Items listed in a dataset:
▼

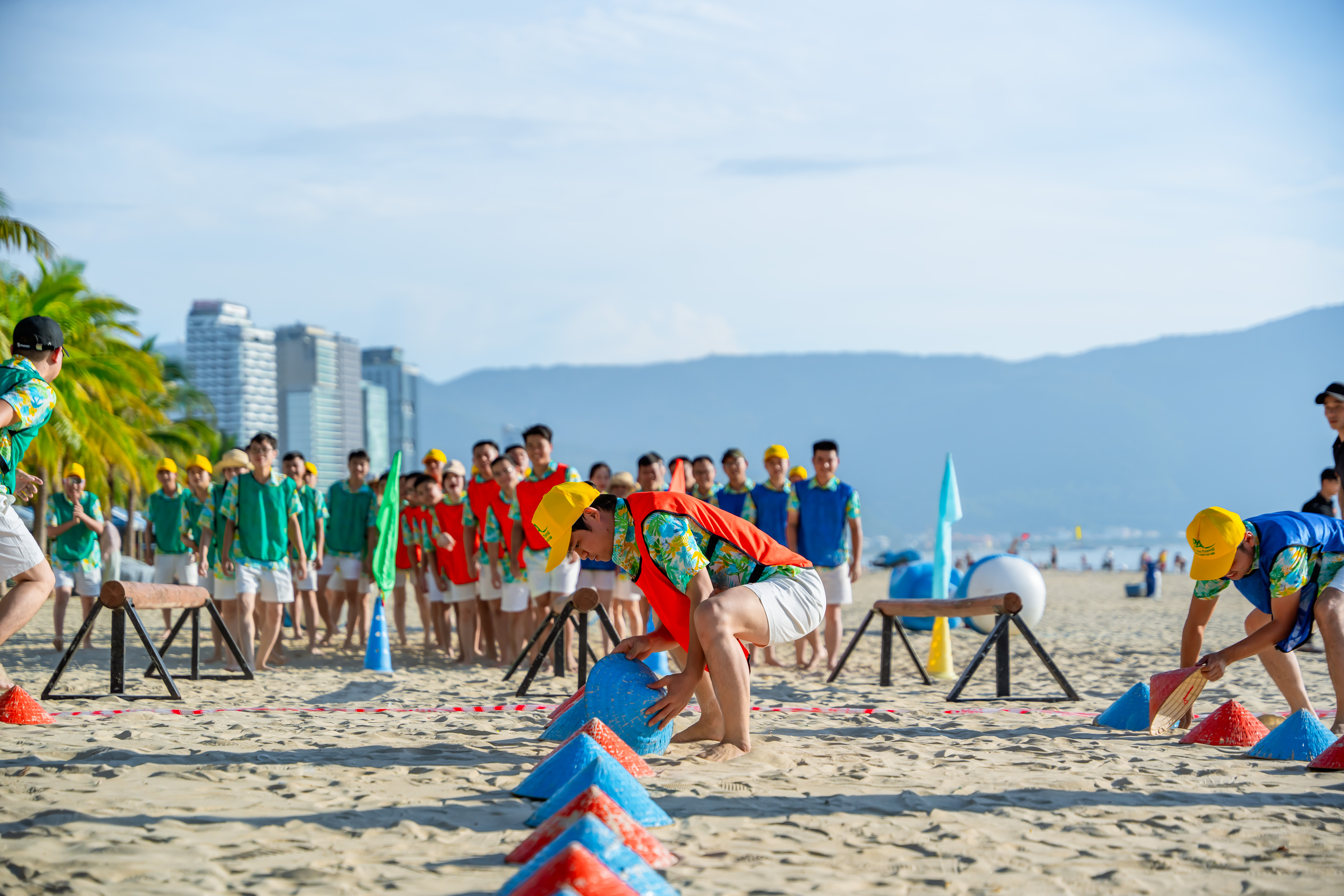 Du lịch hè Đà Nẵng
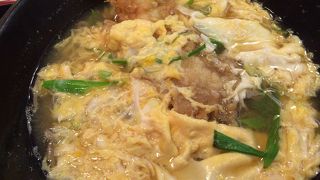 だしがうまーい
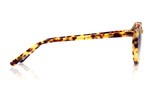 Krewe St. Louis Matte Tortoise Krewe St. Louis Matte Tortoise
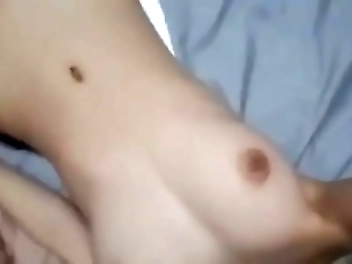 Experience the Alluring Seduction of a Busty Water Snake Waist with Glistening Peach Buttocks (Part 4) - Naughty Little Girl s Nude Selfie Revealed!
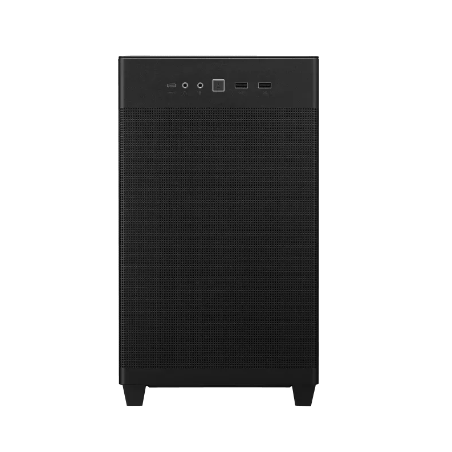 26494-ASUS Prime AP201 MicroATX Mini Tower Negro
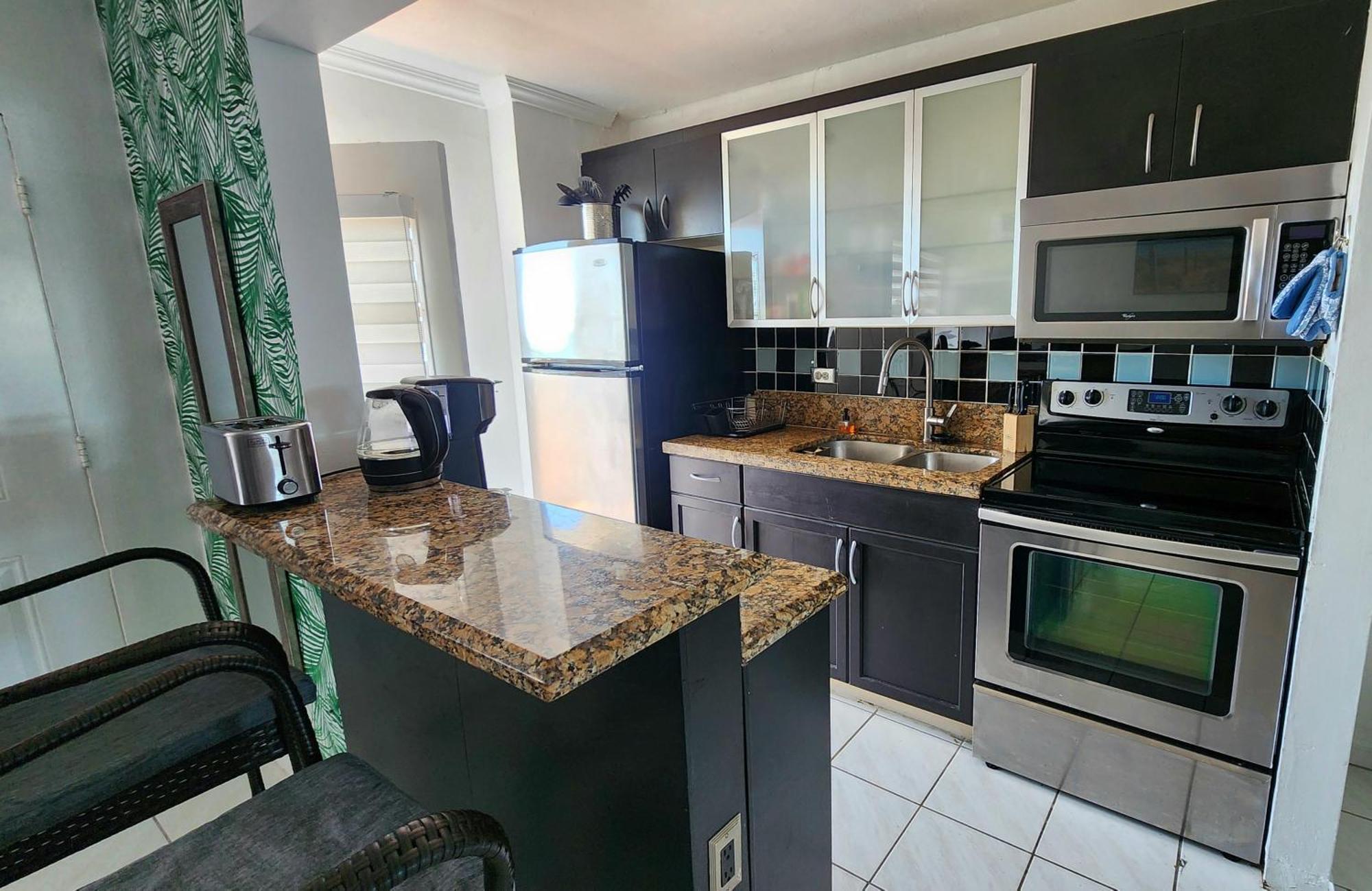 מיאמי ביץ' Bayfront Apartment Breathtaking Views- One Bedroom W Balcony- Living Room -Free Parking מראה חיצוני תמונה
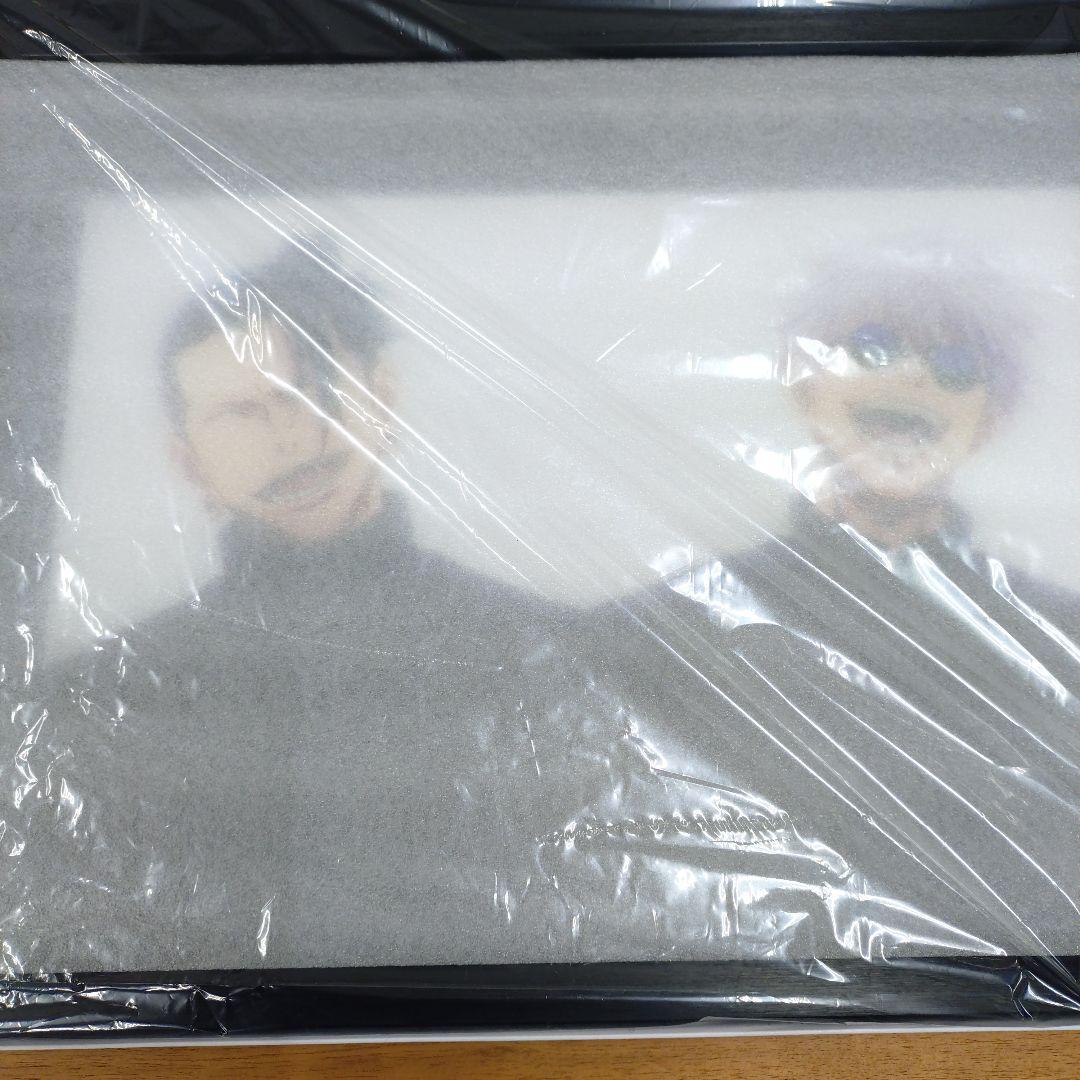 アニメーション 呪術廻戦展 高級複製原画 五条悟 夏油傑 - メルカリ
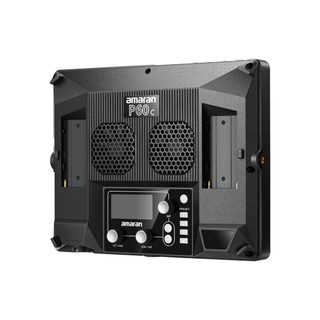 Aputure amaran P60c RGB LED Light Panel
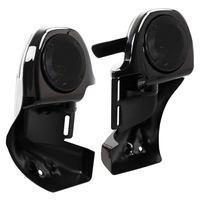 Lower Fairing Speaker Assembly - Harley Davidson 1993-2013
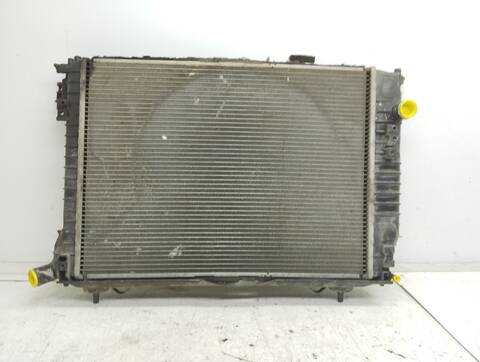 Radiador Motor Chevrolet Nubira 2.0 TCDI BERLINA 121CV 89KW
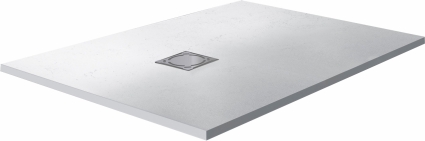 Поддон для душа RGW Stone Tray ST-0119W 90х110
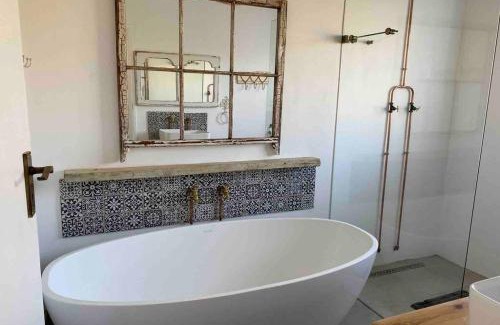 Worcester House | De Goede Hoop Farmstead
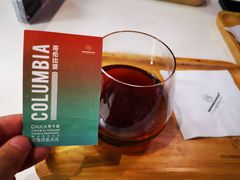 -sugarman espresso素饮糖人高新咖啡工厂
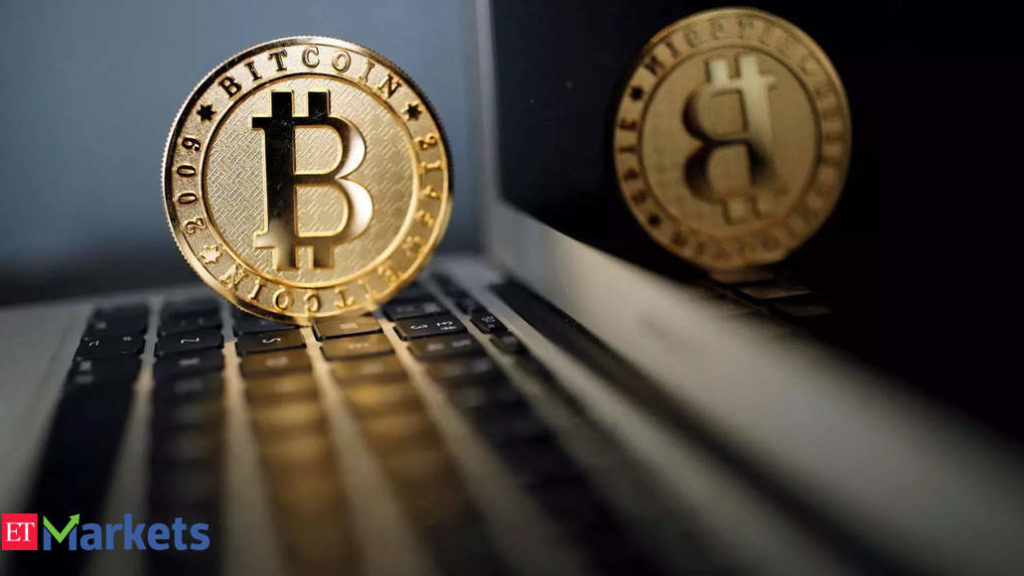 Bitcoin falls below $30000, lowest since July 2021 – The Economic Times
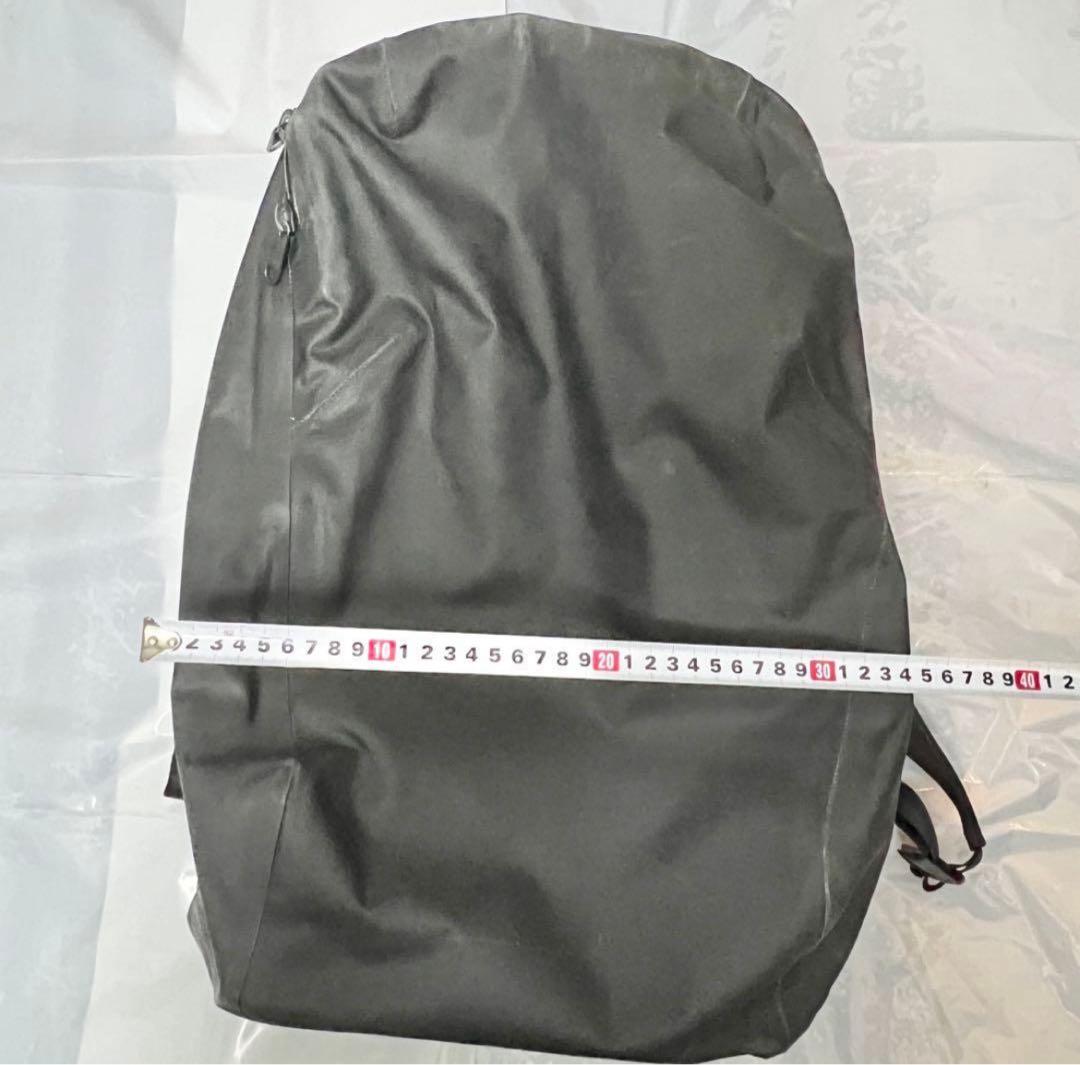 Arc'Teryx Veilance Rucksacks Backpacks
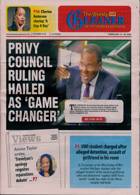 Gleaner Magazine Issue 16/02/2023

▲

Begin at the line containing "Worcester House | De Goede Hoop Farmstead" and stop at the last line of the data. Repeat only those lines, exactly, and leave out the pictures.

**Result**
 Worcester House | De Goede Hoop Farmstead
 -sugarman espresso素饮糖人高新咖啡工厂
 Bitcoin falls below $30000, lowest since July 2021 – The Economic Times
 Arc'Teryx Veilance Rucksacks Backpacks
 Gleaner Magazine Issue 16/02/2023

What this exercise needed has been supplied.